# RIP Martha :(



## Kathryn666 (Dec 16, 2007)

We made the difficult decision this morning to have Martha put to sleep. She was getting no better and I was not prepared to let her suffer. I shall miss her so much as we have been through a lot together but at least I have her son and a nice scar on my wrist to remember her by. Anyway, sleep well sweetheart, love you


----------



## HABU (Mar 21, 2007)

my condolences...


----------



## Anj (Oct 24, 2007)

I'm so sorry.
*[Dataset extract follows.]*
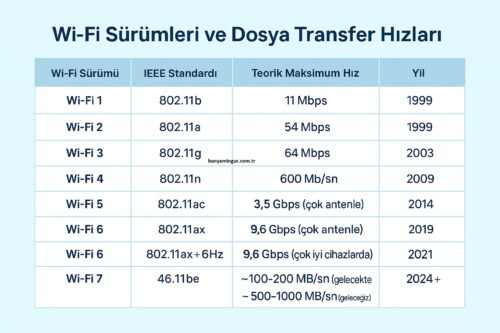 Wi-Fi Sürümleri ve Dosya Transfer Hızları: Hangi Wi-Fi Kaç MB/sn Hız Sağlıyor?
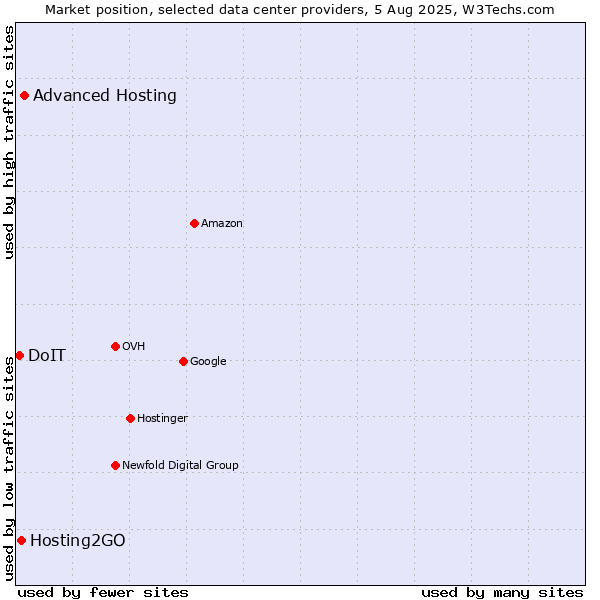 Market position of Advanced Hosting vs. Hosting2GO vs. DoIT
I know how your feeling I had to have my Chinese Water Dragon put to sleep this morning too :sad:



Rest in eace: our babies


----------



## Rexc (May 23, 2008)

*RIP Martha* I know how you feel my crested gecko died recently


----------



## benny (Apr 15, 2008)

awww we are so sorry for your loss . we had our boa put to sleep a couple of days ago and can truely understand how you feel. i still cry all the time and miss her so much.
Sleep Well Martha xx
hugs from jay and benny xx


----------



## Nyoka Malkia (Feb 28, 2007)

Oh no, I had no idea she was getting no better, but such a brave and un selfish choice you made to end her suffering, not easy to do in the slightest we all know how hard that is.

She was a gorgeous big girl and I feel lucky I got to see her a few months ago, and that I too have 2 gorgeous babies from her.

R.I.P darling. Missed but not forgotten. xx


----------



## Kathryn666 (Dec 16, 2007)

Thank you all and my best wishes to all of you who have also lost pets recently x


----------



## GeckoLass (Nov 15, 2007)

Hi huni im so sorry for your loss  you done the right things shes not suffering now R.I.P Martha such a gorgeous girl Sleep well, I just lost my young royal around this time yesterday and cant sleep  i reaaly feel for you huni * big hug* xxx


----------